One day, out of the blue, a woman dressed all in white – medical looking clothes – pulls up in a taxi in front of Ruth’s home and announces she is the government carer sent to take care of Ruth. Ruth is now completely confused, she had no idea this was requested, assigned or even considered. As well, no, a phone call to Jeffrey confirms he didn’t request a government carer for her either. He is completely willing however to take her credentials over the phone and again doesn’t make a concerted effort to physically come to check on Ruth, or to give a considered review of this mystery woman.
As Frida becomes a stronger presence in Ruth’s life, she finds she is unable to live without her. As a reader, you feel just as confused as Ruth – is she really there to be her carer? Or is this going to turn out to be a case of Ruth being taken advantage of? It points more and more to the oh no, poor Ruth and this really adds to the tension and suspense you feel as you turn each page. You cannot take your eyes off the pages and only want to keep reading how Frida is now controlling many aspects of Ruth’s life.
When Ruth was a child, she lived with her parents in Fiji and there met a young doctor named Richard that she was quite in love with. After all these years, and with the passing of her husband, Ruth reaches out to Richard. He comes one weekend for a visit and wishes for Ruth to come move in with him. This is thwarted however and again by Frida. Just how much so, is revealed more towards the end.
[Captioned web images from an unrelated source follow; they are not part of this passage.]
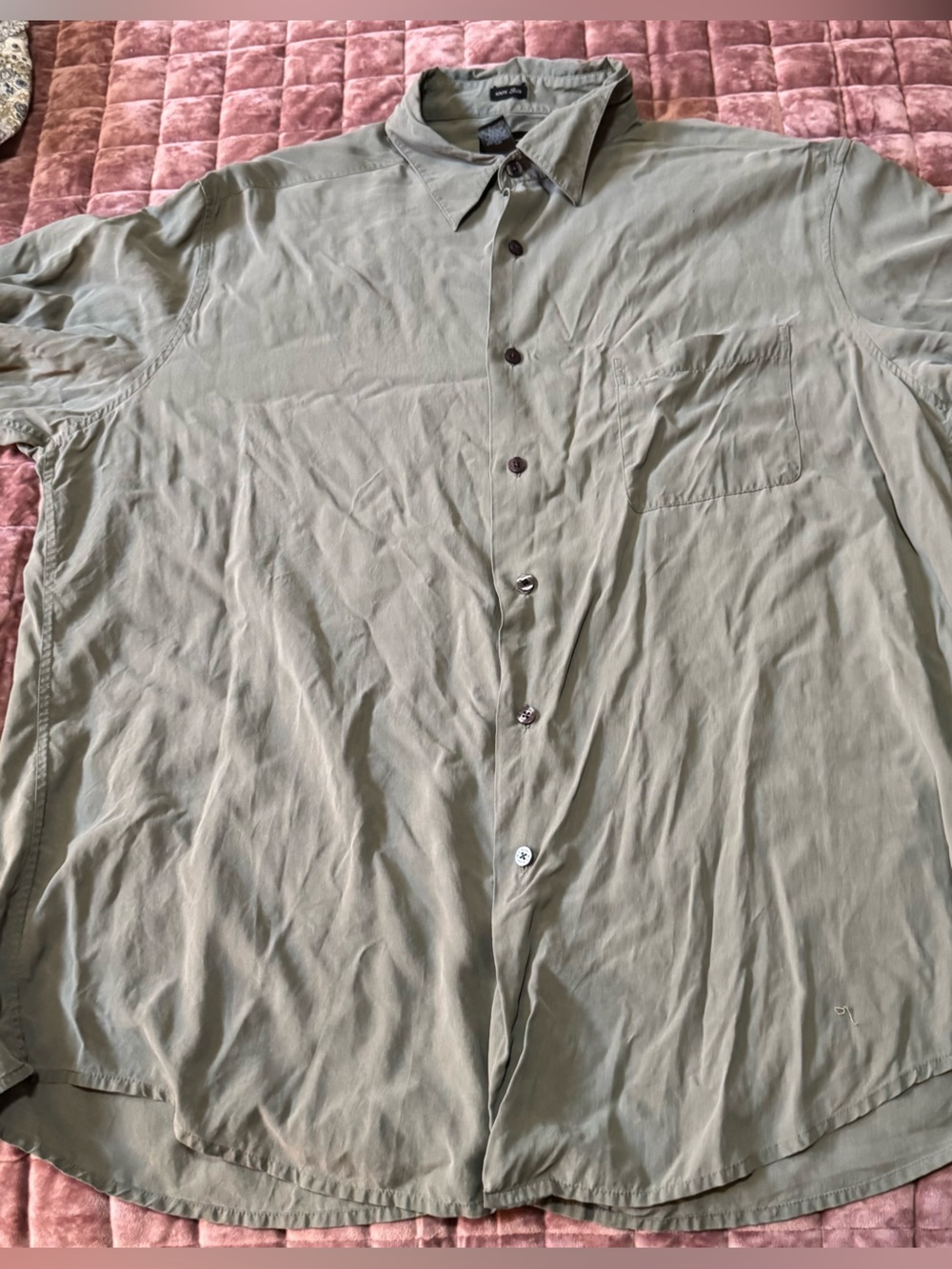 Claiborne Men’s 100% Silk Olive Green Short Sleeve Button Up Shirt XL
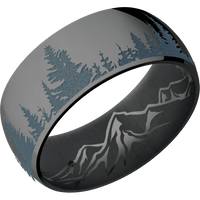 9mm wide Domed Black Titanium Ring with Polish Finish / Trees Design and Northern Lights Cerakote Accents / Mountain 2 Interior Pattern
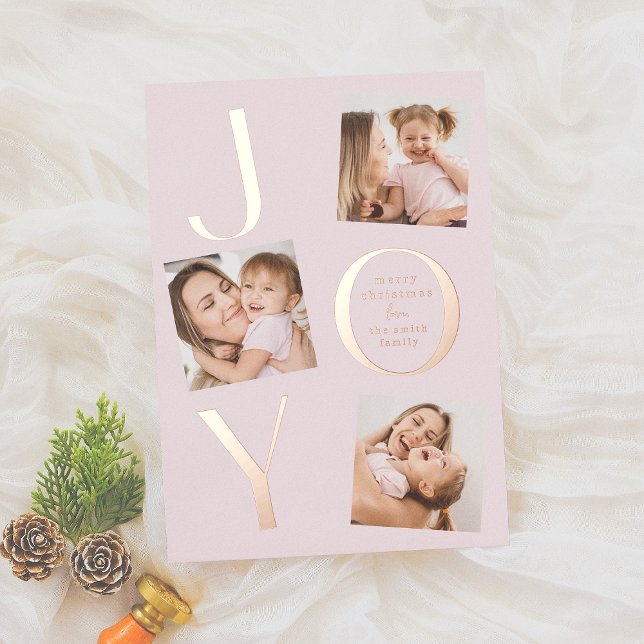 Joy | Modern Pink 4 Photo Christmas Foil Holiday Card (Creator Uploaded)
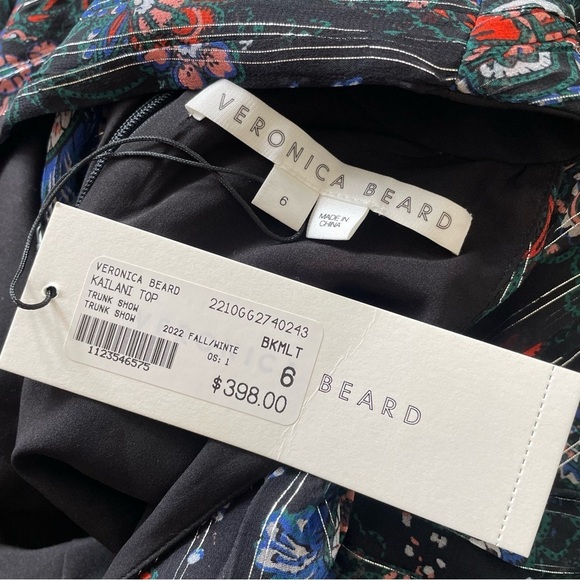 Veronica Beard Black Multi Silk Metallic Paisley Floral Halter Kailani Top NWT 6 - Picture 9 of 12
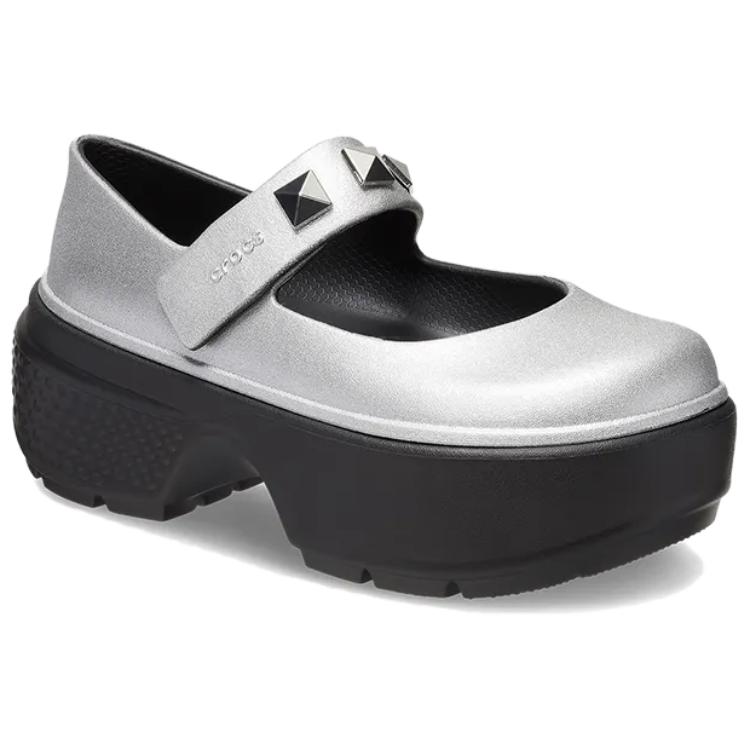 Lookbook (W) Crocs Stomp Mary Jane Plateado Metálico 210437-040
The Night Guest was a real page-turner for me. Again, it was filled with suspense and my stomach was in knots for much of it. In the end I was filled with sadness for Ruth as well. The one thing I didn’t feel worked very well for me was this whole “tiger” business. I wasn’t sure if there was some sort of symbolic reason for it being there, or if it was an attempt to add a mystical element. Whatever it was meant to be, I didn’t make a strong connection to it, but I did have a strong one for Ruth! 4 stars. Great read. One that leaves you thinking, that’s for certain. I’m looking forward to more from this author!
I also couldn’t help but think if a deeper connection would have occurred had I read this as a group read with the CBC Goodreads Book Club. The dissection of the title “The Night Guest” alone would have sparked much discussion, but also the symbolism, if this was the intention, of the tiger, might have been made clearer for me.